__What to work on__. Will you output the entries below exactly, skipping every image they contain?

********

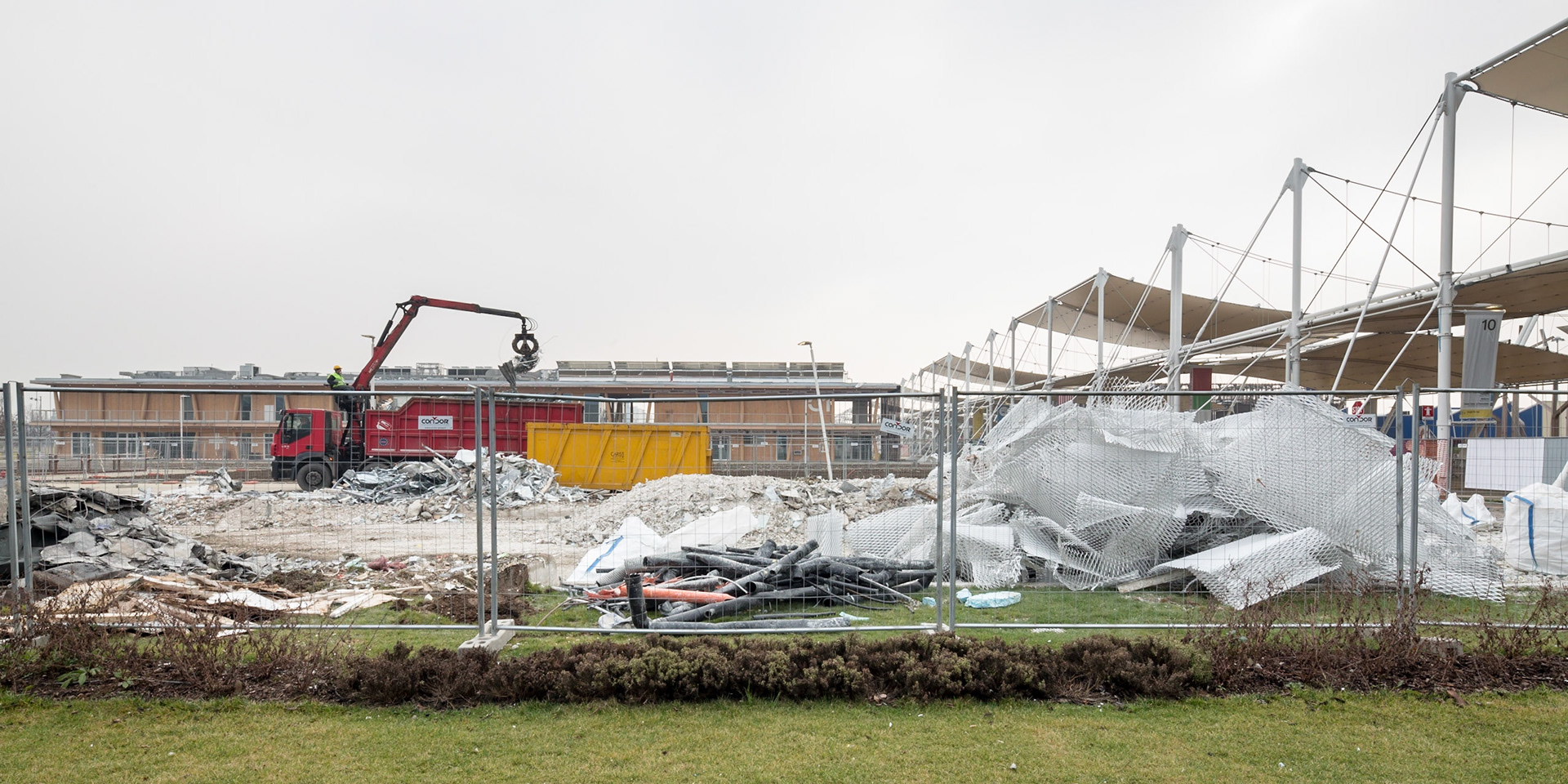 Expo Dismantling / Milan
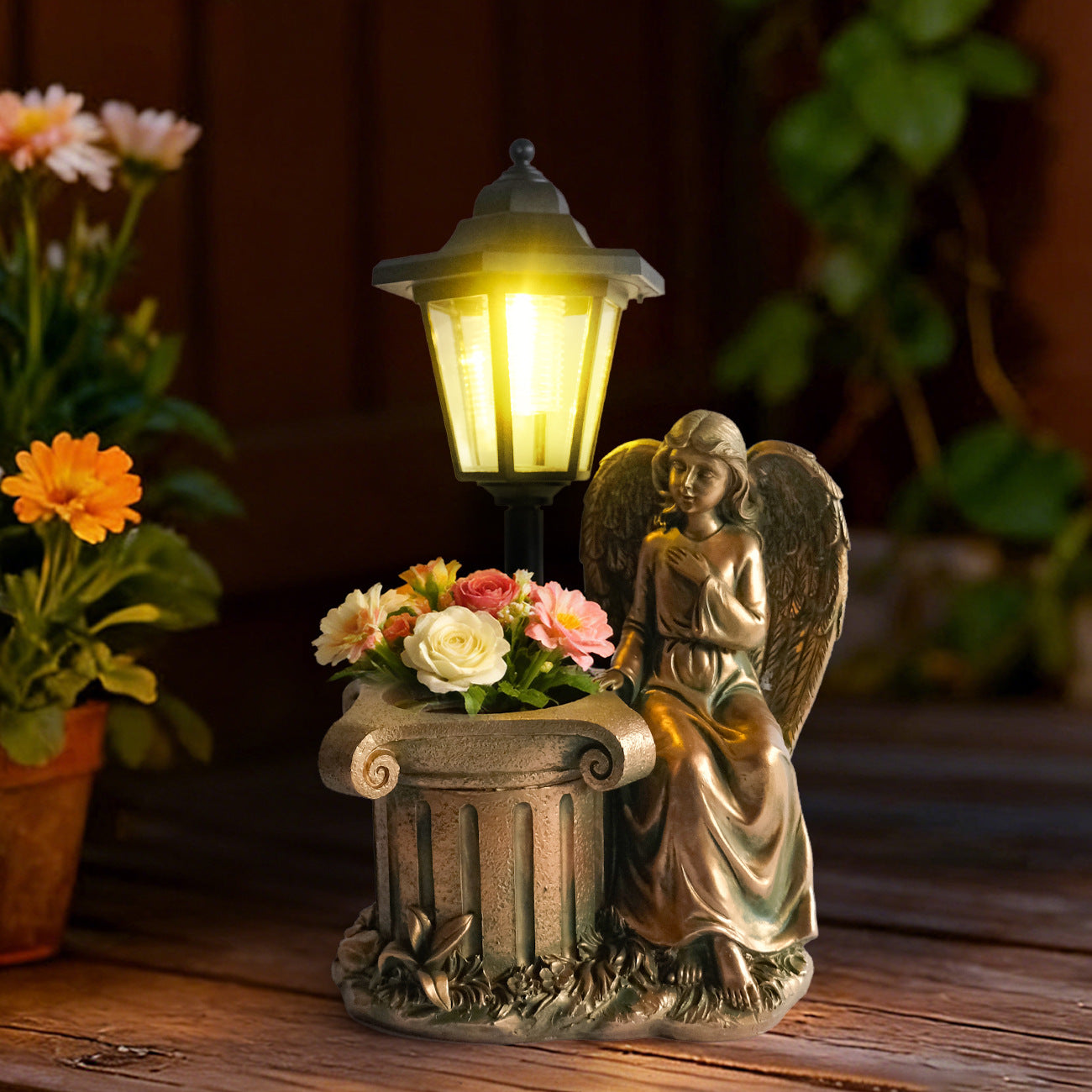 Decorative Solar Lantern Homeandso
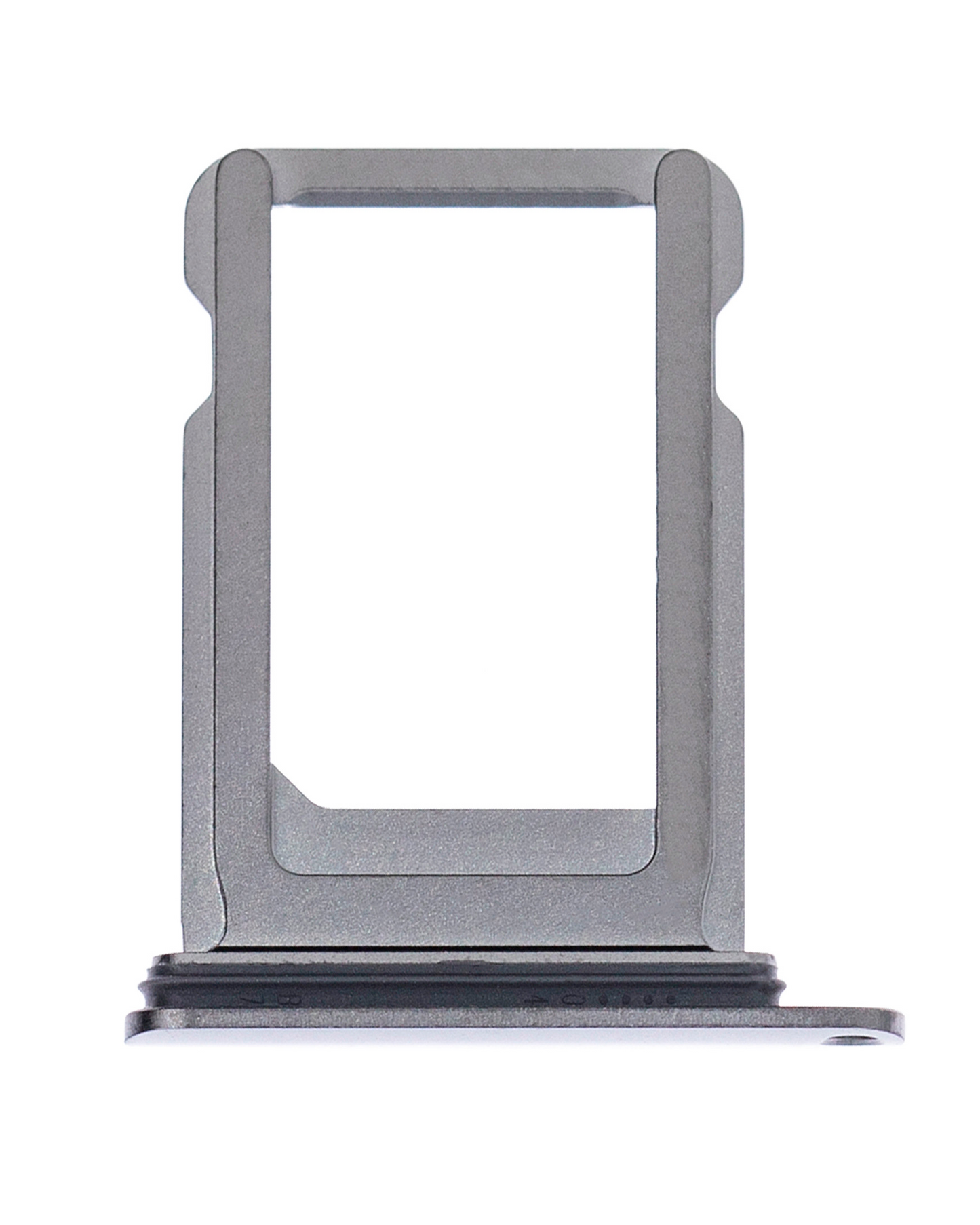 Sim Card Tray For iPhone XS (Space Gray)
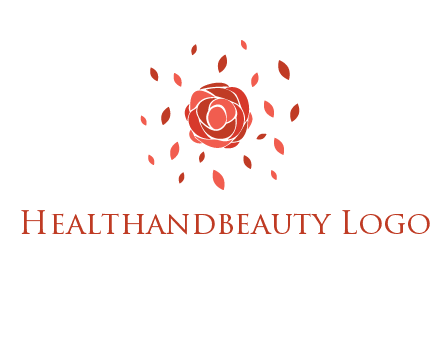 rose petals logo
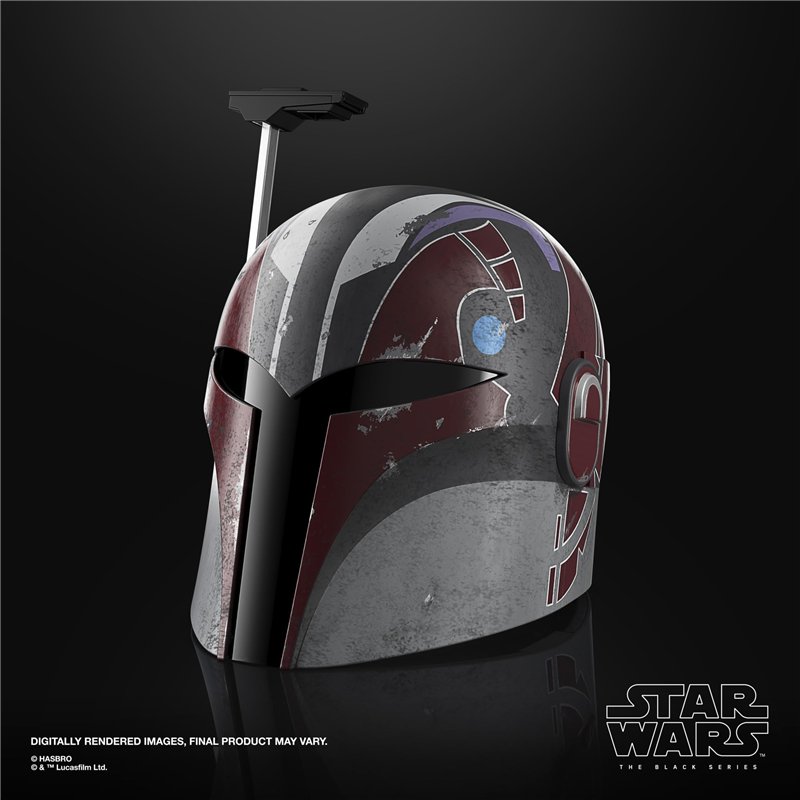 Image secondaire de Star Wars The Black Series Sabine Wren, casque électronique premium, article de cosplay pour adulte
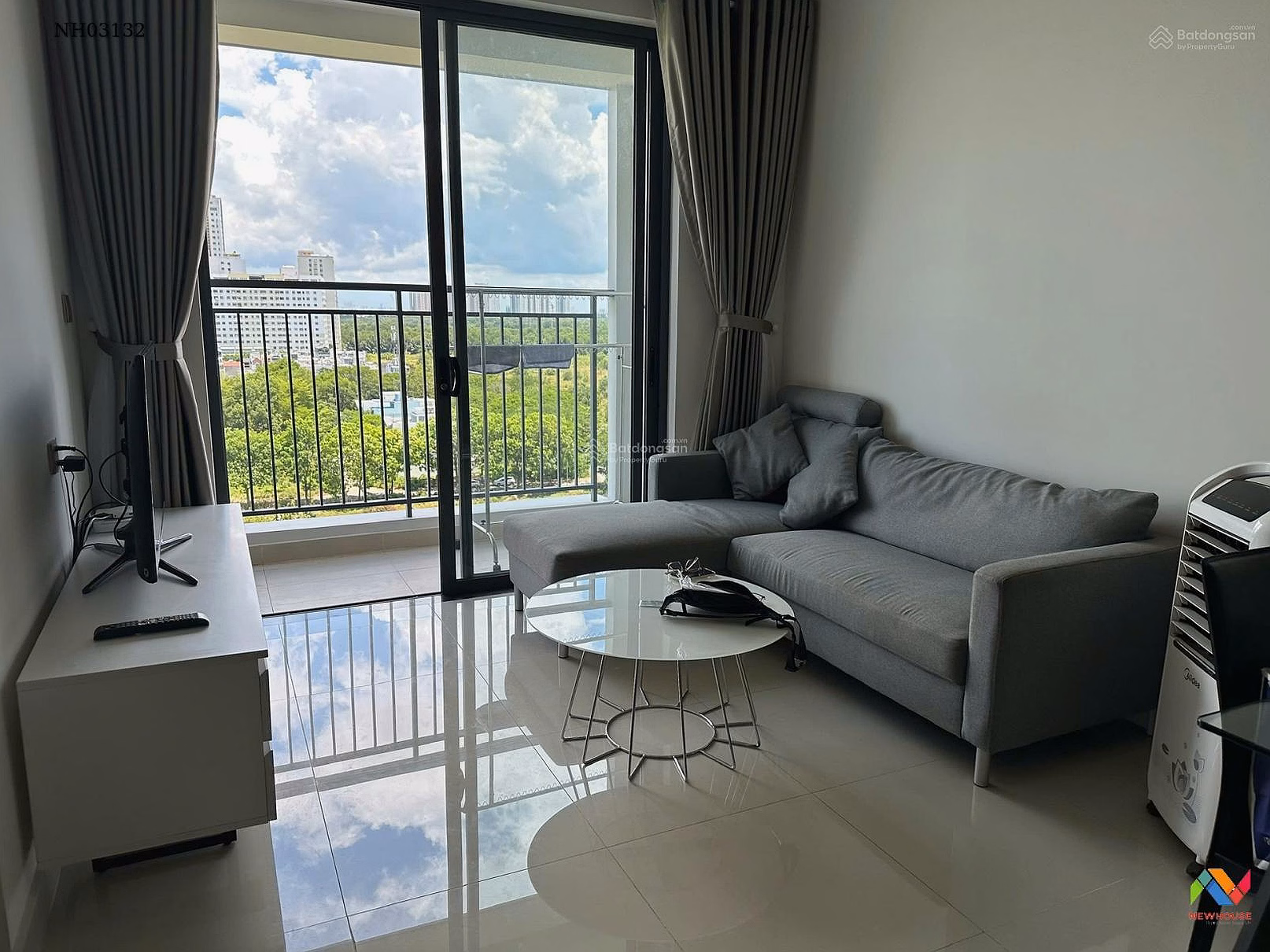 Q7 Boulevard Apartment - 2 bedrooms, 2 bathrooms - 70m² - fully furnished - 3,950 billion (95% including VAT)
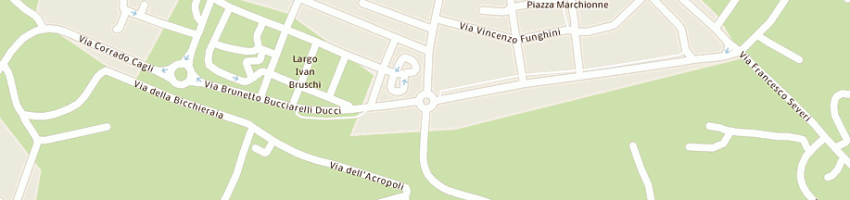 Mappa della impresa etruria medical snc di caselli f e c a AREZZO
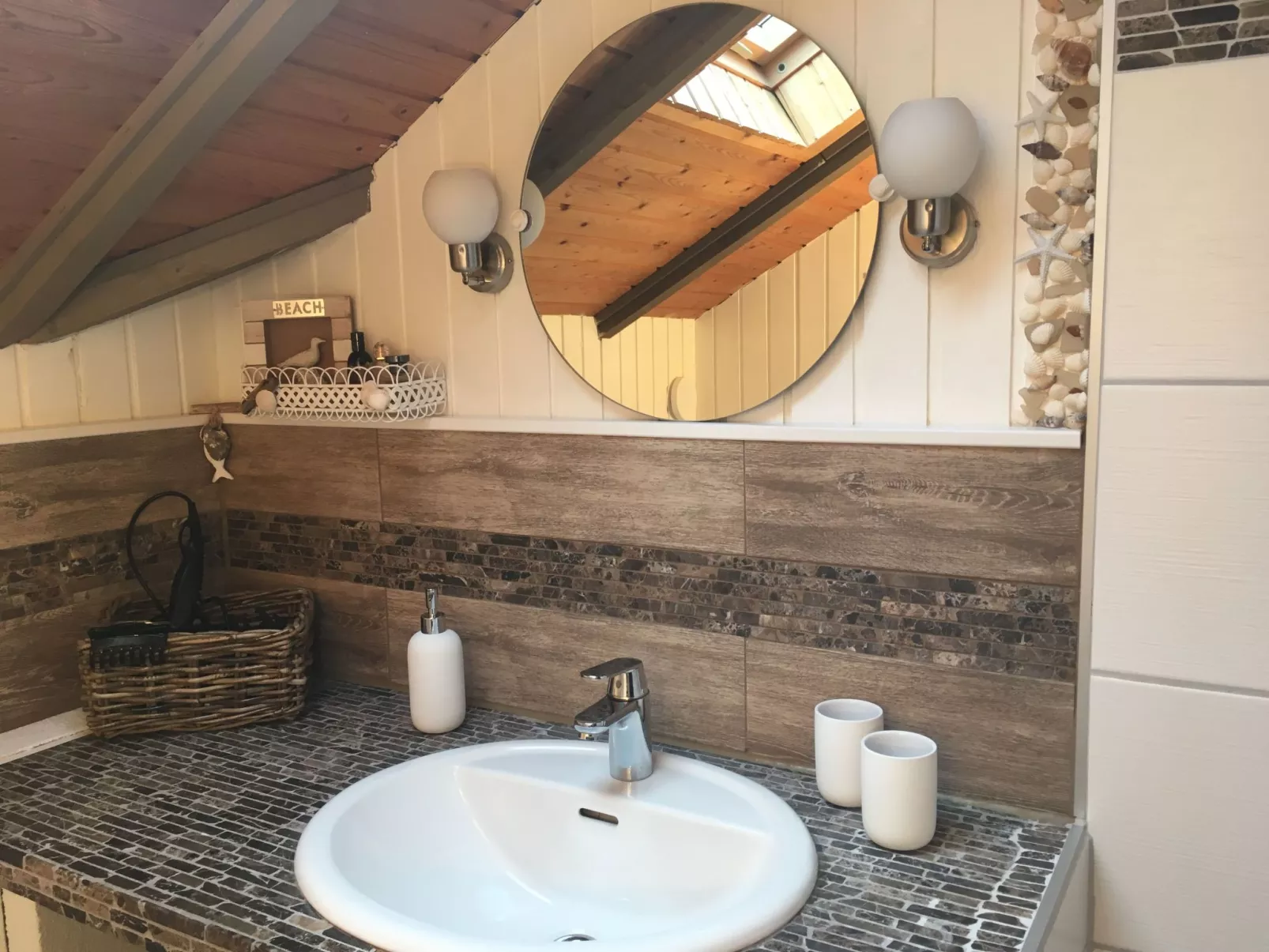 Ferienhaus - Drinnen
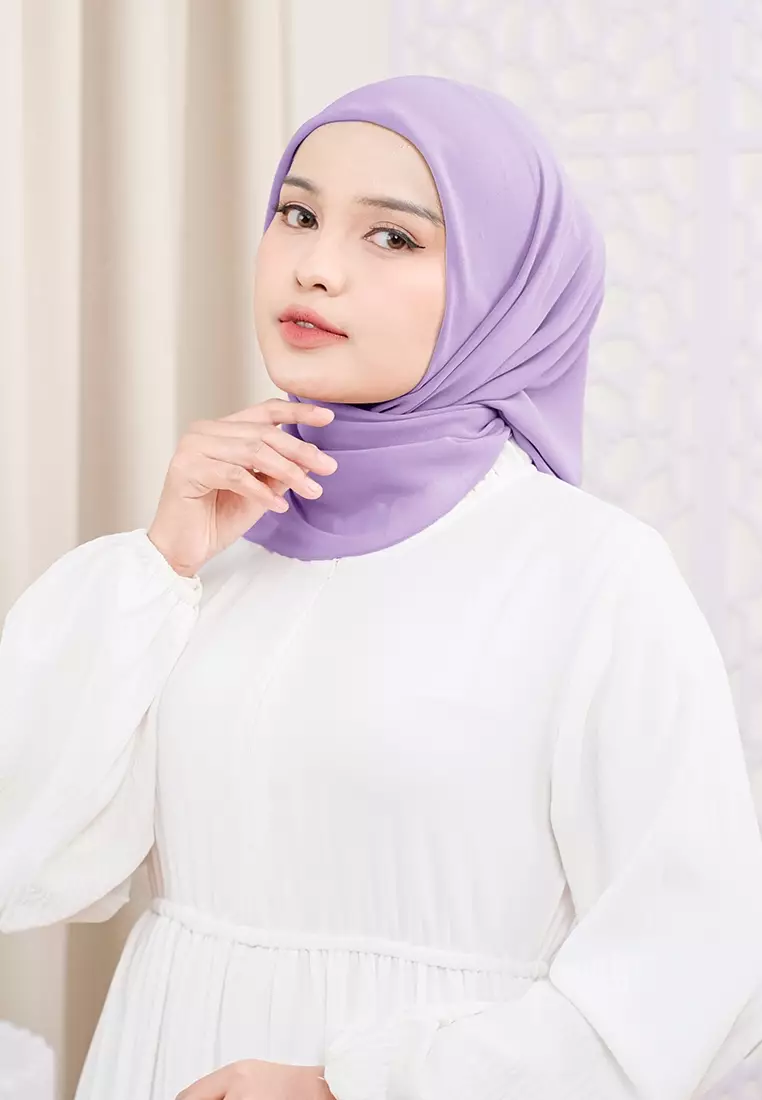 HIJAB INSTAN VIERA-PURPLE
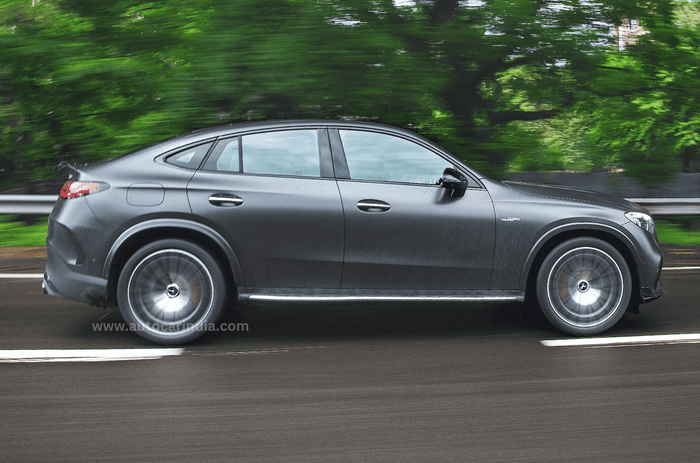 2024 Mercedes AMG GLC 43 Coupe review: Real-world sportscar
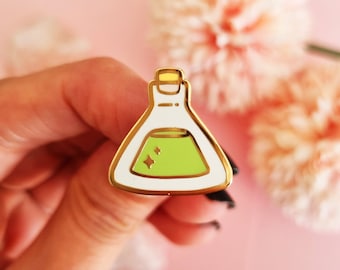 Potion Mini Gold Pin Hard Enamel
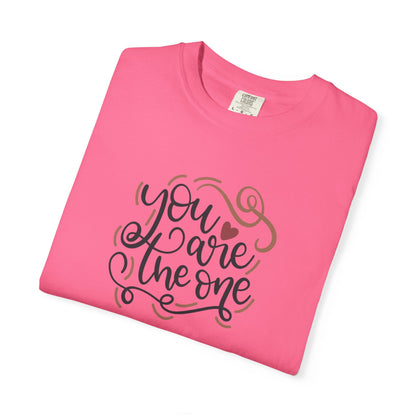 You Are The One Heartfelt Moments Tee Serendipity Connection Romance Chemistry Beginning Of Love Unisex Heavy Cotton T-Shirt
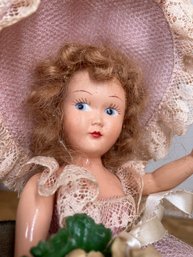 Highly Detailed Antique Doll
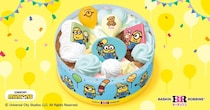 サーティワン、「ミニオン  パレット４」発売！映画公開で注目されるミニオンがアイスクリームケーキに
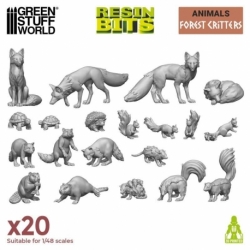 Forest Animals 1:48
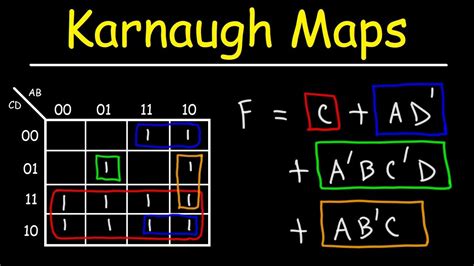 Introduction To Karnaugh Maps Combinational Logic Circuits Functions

********

__Written solution__.
 Expo Dismantling / Milan
 Decorative Solar Lantern Homeandso
 Sim Card Tray For iPhone XS (Space Gray)
 rose petals logo
 Image secondaire de Star Wars The Black Series Sabine Wren, casque électronique premium, article de cosplay pour adulte
 Q7 Boulevard Apartment - 2 bedrooms, 2 bathrooms - 70m² - fully furnished - 3,950 billion (95% including VAT)
 Mappa della impresa etruria medical snc di caselli f e c a AREZZO
 Ferienhaus - Drinnen
 HIJAB INSTAN VIERA-PURPLE
 2024 Mercedes AMG GLC 43 Coupe review: Real-world sportscar
 Potion Mini Gold Pin Hard Enamel
 You Are The One Heartfelt Moments Tee Serendipity Connection Romance Chemistry Beginning Of Love Unisex Heavy Cotton T-Shirt
 Highly Detailed Antique Doll
 サーティワン、「ミニオン  パレット４」発売！映画公開で注目されるミニオンがアイスクリームケーキに
 Forest Animals 1:48
 Introduction To Karnaugh Maps Combinational Logic Circuits Functions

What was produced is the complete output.